Может быть, археолог попытается оправдать такое издавна ведущееся причисление орнаментики к изобразительному искусству ссылкою на историческое прошлое орнамента. Не будучи в собственном смысле изображением, орнамент, однако, был первоначально изображением, и лишь все углублявшаяся стилизация вытравила из него сходство с предметами природы, образами которых были элементы различных орнаментов. Отсюда‑то, скажут, по старой памяти и сохраняется место орнамента среди изобразительных искусств.
Если бы вышеприведенное археологическое соображение и было обосновано само по себе, то все‑таки оно не оправдывало бы в настоящем отнесение орнамента к искусству изобразительному: откуда бы ни возник орнамент в прошлом, т. е. как стилизованное изображение человеческих и животных фигур, утвари и орудий, деревьев, цветов, плодов и листьев, он не может быть называем изображением сейчас, если связь его с изображаемым уже порвана и лишь археологически может быть установлена по косвенным соображениям, отвлеченно утверждаемая, но не воспринимаемая наглядно.

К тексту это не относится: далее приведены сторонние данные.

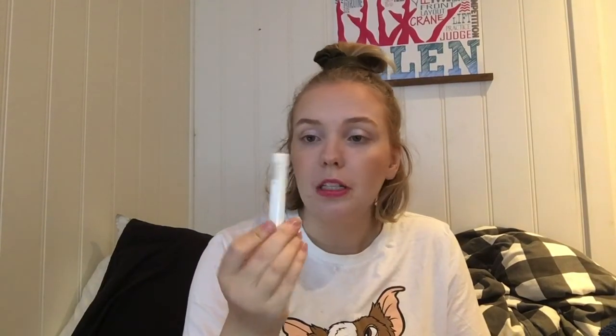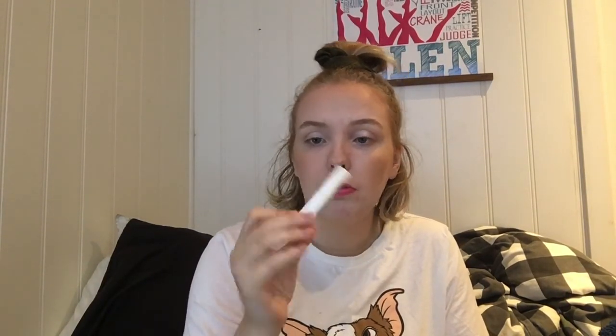Next up I have my mascaras — I have four: one lash primer and three black mascaras. The lash primer is from Lancôme, it's the Cils Booster XL — my favorite, will repurchase once it's done, love it. Then I have the Kat Von D Go Big or Go Home mascara in Trooper Black — I like it, it's good, not my favorite but it works fine.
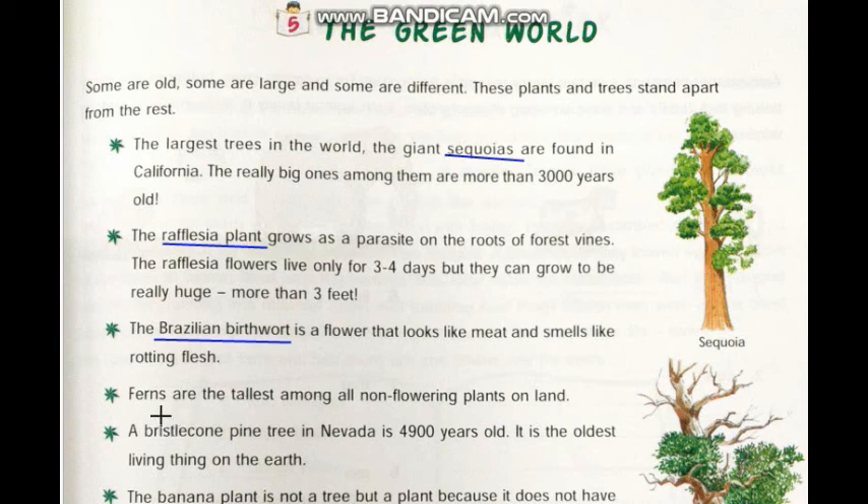Ferns are one type of plant and are the tallest among all non-flowering plants on land. This plant is a non-flowering plant and it is the tallest among all of them. Then the Bristlecone Pine Tree in Nevada is 4900 years old. It is the oldest living thing on the earth.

Впрочем, и эта, археологическая, установка предметности орнамента более чем сомнительна. Не упрощением и схематизацией, а, напротив, осложнением и оплотнением характеризуется история орнамента, по крайней мере во многих частных случаях. Орнамент первоначально строится геометрическими линиями, и лишь впоследствии они облекаются плотию, сообразно данной геометрической схеме орнамента, тогда‑то и возникают в орнаменте отдельные изобразительные элементы, как попытка протолковать предметно — первоначальное беспредметное. Может быть, эта попытка и не вполне произвольна; но тем не менее истолкование некоторых линий как схемы именно данного образа, а не какого‑либо другого, может осуществляться различными способами, и образы, подбираемые для оплотнения данного орнамента, многоразличны. Предметность орнамента при таком его истолковании есть нечто вторичное, к орнаменту присоединяемое особым актом творчества, пусть орнамент не насилующим, но зато из него и не вытекающим с необходимостью. Таким образом, основание сомневаться, правильно ли причисление орнамента к искусствам изобразительным, дается еще более крепкое.